The three telecommunications carriers of KDDI, Softbank, and Rakuten have announced that they will perform verification tests for communications employing joint-use antenna facilities for “5G,” the next generation of wireless network technology. The tests will be conducted from April through September 2019. Joining hands with TEPCO Power Grid (PG), an electricity transmission and distribution company, they will set up joint-use antennae on utility poles. 5G requires more base stations than the current 4G does, and the companies aim to reduce their investment costs by employing joint-use facilities.
To date, telecommunications carriers have shared facilities in subway tunnels and other places where it is hard to install antennae, but it has been rare for carriers to share facilities in ordinary areas.
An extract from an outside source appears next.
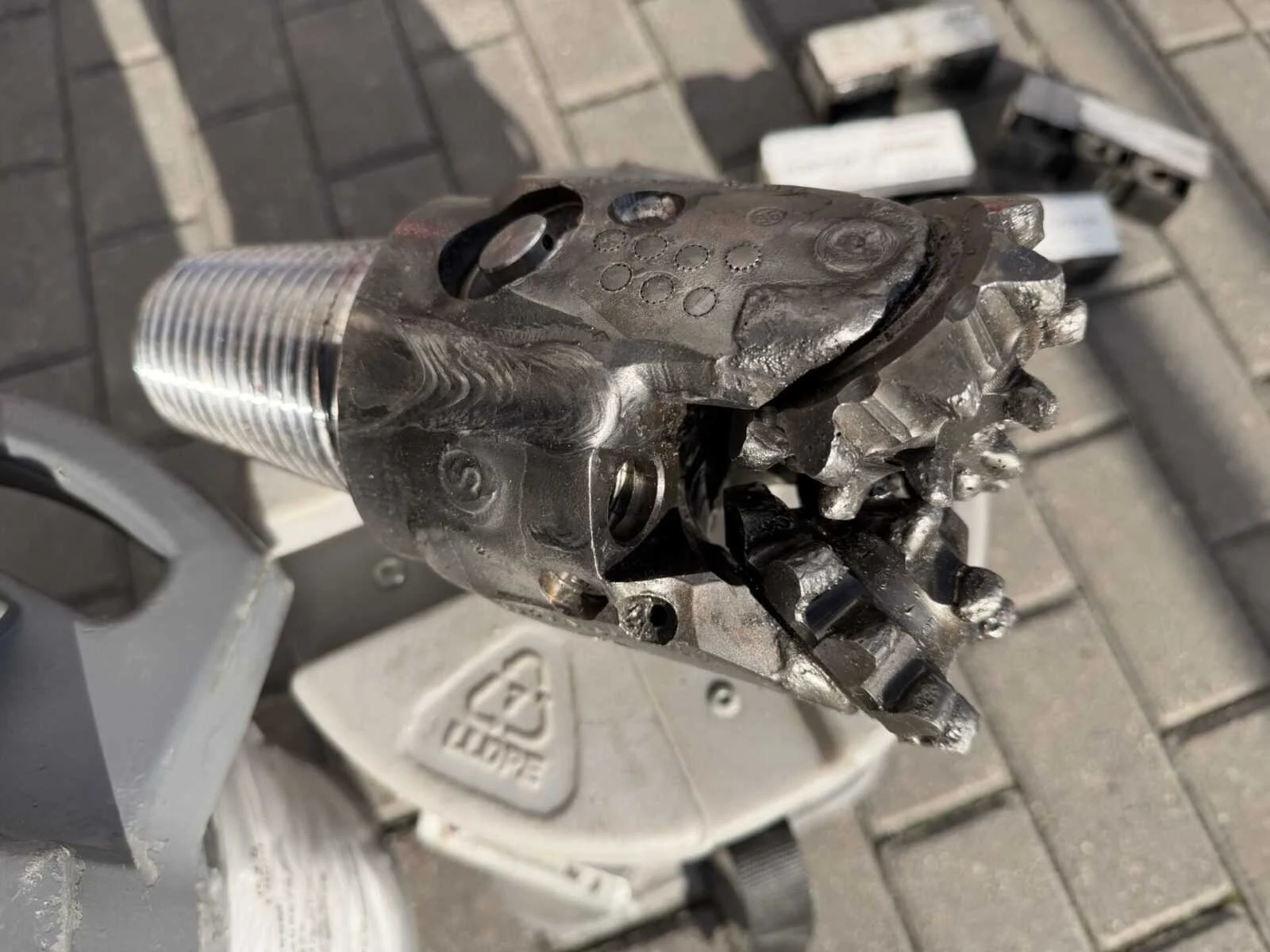 Долото шарошечное ф 123.8 XS1S (IADC117)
From the perspective of safety, the installation of antennae on utility poles has generally been limited to one per utility pole, it is said.
TEPCO PG will install joint-use antennae on its utility poles in the Kanto region, and the mobile carriers will each install a base station on the lower half of the pole. The details of the tests, including where they will be conducted, will be decided in coming days. The tests will mainly examine radio interference and stability.
The companies aim to reduce the burden of their 5G investment by installing joint-use antennae. The radio waves used in 5G do not travel as far as those employed in 4G. For example, the frequency of the 28 GHz frequency band, which has been allocated to 5G, is said to be able to travel a radius of only a few hundred meters. More base stations must be set up to build a network that is easily connectable. NTT Docomo and KDDI each plan to invest 1 trillion yen in 5G over the next five years.
The three companies are mulling also working with other electricity transmission and distribution companies in addition to TEPCO PG. Docomo says, “We are mulling participating in the testing once the 5G radio waves have actually been allocated.”
The Ministry of Internal Affairs and Communications says that securing places to install base stations will be an issue in the roll-out of 5G. At the end of 2018, the Ministry announced guidelines for the joint use of some facilities indoors and outdoors.